A laranjeira, em Abril deste ano.


O tempo tudo leva e pouco traz. Chegando a certa altura da nossa vida, leva-nos pessoas que estimávamos e de quem sentimos a falta do seu convívio, leva-nos entes que amamos, para outros países, leva-nos até, memórias recentes de coisas que sendo de somenos importância, nos deixam  perplexos por se terem desvanecido da nossa mente. Mas, como tudo tem o seu reverso, também o tempo nos vai trazendo algumas coisas boas.
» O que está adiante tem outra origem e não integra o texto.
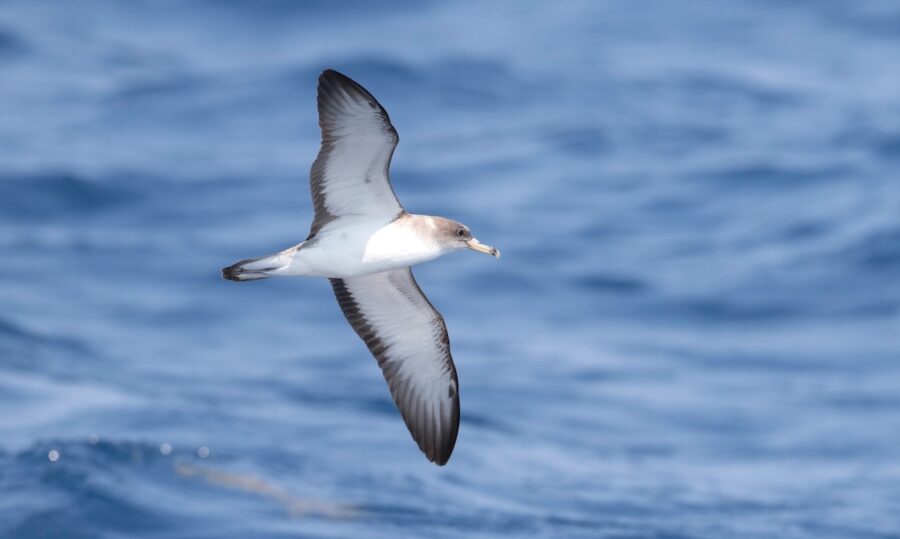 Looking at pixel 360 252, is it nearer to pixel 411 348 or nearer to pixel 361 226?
pixel 361 226

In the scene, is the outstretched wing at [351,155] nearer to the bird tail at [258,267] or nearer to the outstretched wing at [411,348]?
the bird tail at [258,267]

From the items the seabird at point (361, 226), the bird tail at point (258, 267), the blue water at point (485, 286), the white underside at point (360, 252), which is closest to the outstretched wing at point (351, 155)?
the seabird at point (361, 226)

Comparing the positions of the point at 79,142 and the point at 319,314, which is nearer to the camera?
the point at 319,314

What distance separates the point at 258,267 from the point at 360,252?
772 mm

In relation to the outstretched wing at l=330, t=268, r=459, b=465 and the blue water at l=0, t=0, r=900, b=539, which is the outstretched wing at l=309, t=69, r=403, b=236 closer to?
the outstretched wing at l=330, t=268, r=459, b=465

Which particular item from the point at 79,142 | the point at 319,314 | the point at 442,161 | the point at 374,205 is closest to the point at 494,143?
the point at 442,161

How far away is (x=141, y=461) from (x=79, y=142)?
18882 mm

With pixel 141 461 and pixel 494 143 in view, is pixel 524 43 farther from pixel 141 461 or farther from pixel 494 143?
pixel 141 461

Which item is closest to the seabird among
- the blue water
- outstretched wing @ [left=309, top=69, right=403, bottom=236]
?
outstretched wing @ [left=309, top=69, right=403, bottom=236]

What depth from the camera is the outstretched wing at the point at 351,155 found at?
1141cm

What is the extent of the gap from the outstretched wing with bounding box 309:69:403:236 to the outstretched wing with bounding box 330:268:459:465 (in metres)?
1.12

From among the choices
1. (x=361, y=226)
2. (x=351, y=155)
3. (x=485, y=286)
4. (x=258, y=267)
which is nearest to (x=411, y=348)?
(x=361, y=226)

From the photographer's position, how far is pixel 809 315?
40062mm

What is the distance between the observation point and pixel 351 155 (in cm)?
1180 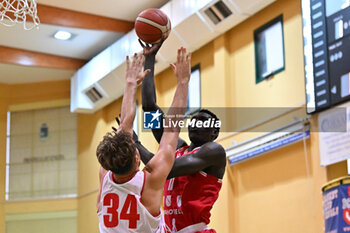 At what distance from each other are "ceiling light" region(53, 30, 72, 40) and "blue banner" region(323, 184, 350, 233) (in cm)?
893

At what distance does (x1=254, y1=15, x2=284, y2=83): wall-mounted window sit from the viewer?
1077 cm

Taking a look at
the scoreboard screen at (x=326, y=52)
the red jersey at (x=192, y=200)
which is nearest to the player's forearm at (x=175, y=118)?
the red jersey at (x=192, y=200)

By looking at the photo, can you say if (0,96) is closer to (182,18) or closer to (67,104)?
(67,104)

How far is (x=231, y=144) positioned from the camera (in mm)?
11602

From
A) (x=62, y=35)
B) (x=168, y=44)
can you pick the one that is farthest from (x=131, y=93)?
(x=62, y=35)

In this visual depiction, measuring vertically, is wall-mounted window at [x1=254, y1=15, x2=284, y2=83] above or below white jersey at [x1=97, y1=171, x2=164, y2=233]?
above

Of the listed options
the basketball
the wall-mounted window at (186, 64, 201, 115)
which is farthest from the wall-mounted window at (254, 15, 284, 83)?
the basketball

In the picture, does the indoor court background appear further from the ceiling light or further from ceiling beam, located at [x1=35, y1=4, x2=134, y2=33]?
the ceiling light

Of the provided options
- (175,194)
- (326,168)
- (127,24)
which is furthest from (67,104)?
(175,194)

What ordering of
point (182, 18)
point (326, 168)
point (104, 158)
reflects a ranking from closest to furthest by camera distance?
point (104, 158)
point (326, 168)
point (182, 18)

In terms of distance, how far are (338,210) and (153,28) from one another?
3.94 metres

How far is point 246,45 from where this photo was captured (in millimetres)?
11609

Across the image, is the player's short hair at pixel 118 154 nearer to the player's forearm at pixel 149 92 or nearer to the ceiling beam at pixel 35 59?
the player's forearm at pixel 149 92

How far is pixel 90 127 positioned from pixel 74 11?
4.48 metres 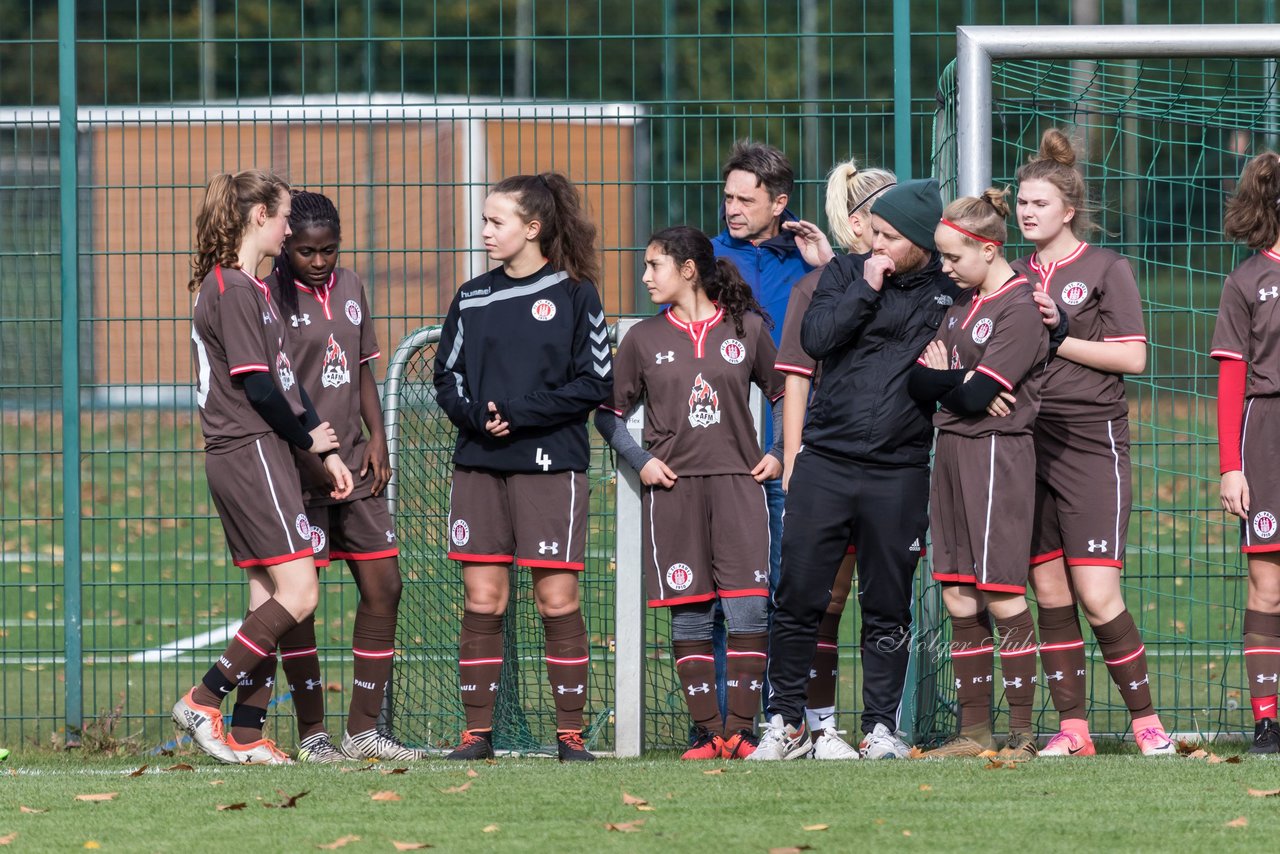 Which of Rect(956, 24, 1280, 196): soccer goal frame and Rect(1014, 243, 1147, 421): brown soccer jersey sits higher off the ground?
Rect(956, 24, 1280, 196): soccer goal frame

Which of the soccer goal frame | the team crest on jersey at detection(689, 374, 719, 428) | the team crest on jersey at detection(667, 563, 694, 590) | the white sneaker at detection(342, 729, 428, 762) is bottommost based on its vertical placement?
the white sneaker at detection(342, 729, 428, 762)

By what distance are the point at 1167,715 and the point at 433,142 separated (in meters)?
3.95

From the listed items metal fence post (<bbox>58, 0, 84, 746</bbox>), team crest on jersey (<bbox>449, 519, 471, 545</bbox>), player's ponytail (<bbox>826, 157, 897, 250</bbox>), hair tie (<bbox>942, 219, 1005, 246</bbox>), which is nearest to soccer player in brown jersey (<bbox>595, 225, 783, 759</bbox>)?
player's ponytail (<bbox>826, 157, 897, 250</bbox>)

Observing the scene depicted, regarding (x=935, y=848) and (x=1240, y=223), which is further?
(x=1240, y=223)

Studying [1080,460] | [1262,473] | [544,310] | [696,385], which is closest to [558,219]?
[544,310]

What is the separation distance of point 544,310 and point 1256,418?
2405 mm

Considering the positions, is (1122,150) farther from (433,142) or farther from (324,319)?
(324,319)

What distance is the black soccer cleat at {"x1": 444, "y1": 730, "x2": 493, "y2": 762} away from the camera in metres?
5.64

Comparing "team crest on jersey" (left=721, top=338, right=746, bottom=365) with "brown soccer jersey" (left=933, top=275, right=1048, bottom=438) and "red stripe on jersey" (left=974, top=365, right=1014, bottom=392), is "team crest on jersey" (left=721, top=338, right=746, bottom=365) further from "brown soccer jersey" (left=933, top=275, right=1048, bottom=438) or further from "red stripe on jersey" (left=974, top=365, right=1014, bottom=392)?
"red stripe on jersey" (left=974, top=365, right=1014, bottom=392)

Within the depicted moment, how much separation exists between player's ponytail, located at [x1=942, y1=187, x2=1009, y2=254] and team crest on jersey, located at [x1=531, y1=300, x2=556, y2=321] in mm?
1306

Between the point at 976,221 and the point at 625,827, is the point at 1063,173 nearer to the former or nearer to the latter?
the point at 976,221

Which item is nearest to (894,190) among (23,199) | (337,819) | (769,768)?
(769,768)

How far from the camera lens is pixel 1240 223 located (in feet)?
18.9

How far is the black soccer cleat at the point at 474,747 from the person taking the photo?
564 centimetres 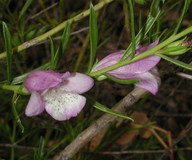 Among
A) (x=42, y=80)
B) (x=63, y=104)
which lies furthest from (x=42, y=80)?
(x=63, y=104)

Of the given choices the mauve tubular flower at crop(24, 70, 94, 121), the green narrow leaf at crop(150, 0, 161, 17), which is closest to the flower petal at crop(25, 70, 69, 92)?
the mauve tubular flower at crop(24, 70, 94, 121)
A foto superior tem mais brilho, porque neste meio tempo aprendi como isso se faz... :)

Bem, vem isto a propósito de ter constatado que, o poema que tinha pensado publicar, já o havia publicado há dois anos atrás, justamente com uma fotografia desta mesma laranjeira.
Esta, precisamente:


A mesma laranjeira em Abril de 2017


No tempo que mediou entre uma e outra, vi a minha vizinha e amiga de longa data, dona da laranjeira e do quintal ao lado, partir para sempre no espaço de pouco tempo.  Agora, vejo com tristeza, que a laranjeira não é mais a mesma, perdeu a vontade de florir e os frutos são poucos e sem o sabor doce que tinham antes. Até o pequeno jardim não é mais o mesmo   O meu vizinho faz o que pode e lá vai dando conta da sua vida,  mas com 84 anos já pode pouco, ainda assim, vai encontrando força, energia e a vontade para continuar a viver. Nunca perdeu o sorriso e parece estar de bem consigo e com a vida. 


                                                   
Como republicar o bonito poema em louvor à flor de laranjeira, simultâneamente numa bela ode à Mulher, não faria qualquer sentido, podem relembrá-lo clicando neste parágrafo.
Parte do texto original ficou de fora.